So what variety of pho pronunciation have you encountered? Share your views with us with a comment below.

By the way if you need help with Vietnamese pronunciation or would like some guidance or even request help, head on over to read my post on "Pronunciation of Pho and Other Vietnamese Words and Phrases," and leave a request.

#3: Southern Vietnamese accent
#4: Northern Vietnamese accent

73 comments

  1. Richard 7 January, 2013 at 12:27 Reply

    The point is that it is written in Roman letters and it spells either ‘po’ or ‘fo’. Neither which is close to the actual pronunciation and is misleading.

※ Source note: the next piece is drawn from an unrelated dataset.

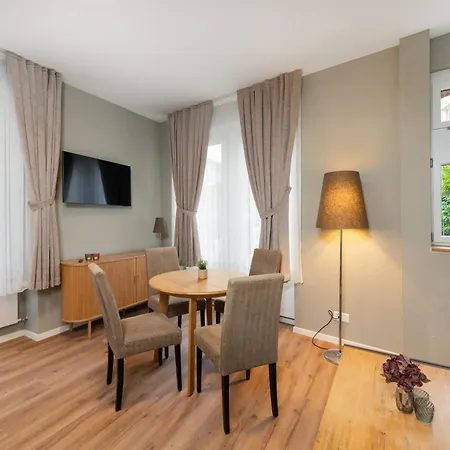 Betweenlakes Ground Fl אינטרלאקן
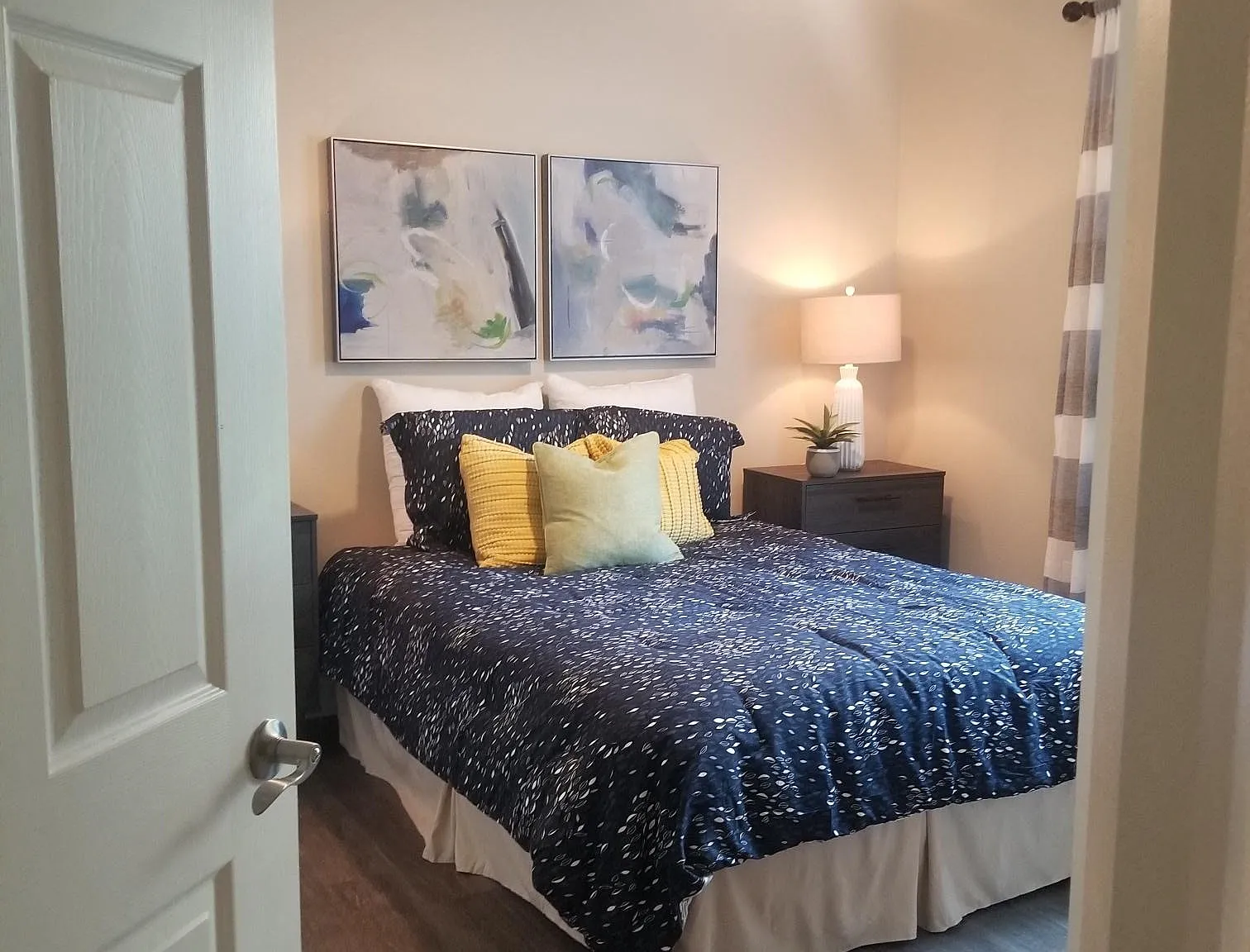 Allegro Palm Apartments — Photo 3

  2. Cuong Huynh 7 January, 2013 at 13:03 Reply

    Richard: First off I want to say I appreciate your views and comments. The reality is, the proper spelling of the modern Vietnamese word for this dish is phở. For lack of any other way to do it, the “Westernized” version of it has been and will continue to be “pho” for some time to come. Many English speaking people don’t have a problem with it, while many others do.

    If your beef with all this is about the spelling versus pronunciation of pho, then consider a perspective on why it is so hard for many to learn to speak English: Words Are Not Always Pronounced The Way They Are Spelt. Talk about spelling vs. pronouncing! How the heck do you pronounce the gh as an f in the words cough, enough, laugh, rough, and tough is beyond many of us. Fortunately I do not have a problem learning English, but many of us Vietnamese did and still do. We just deal with it.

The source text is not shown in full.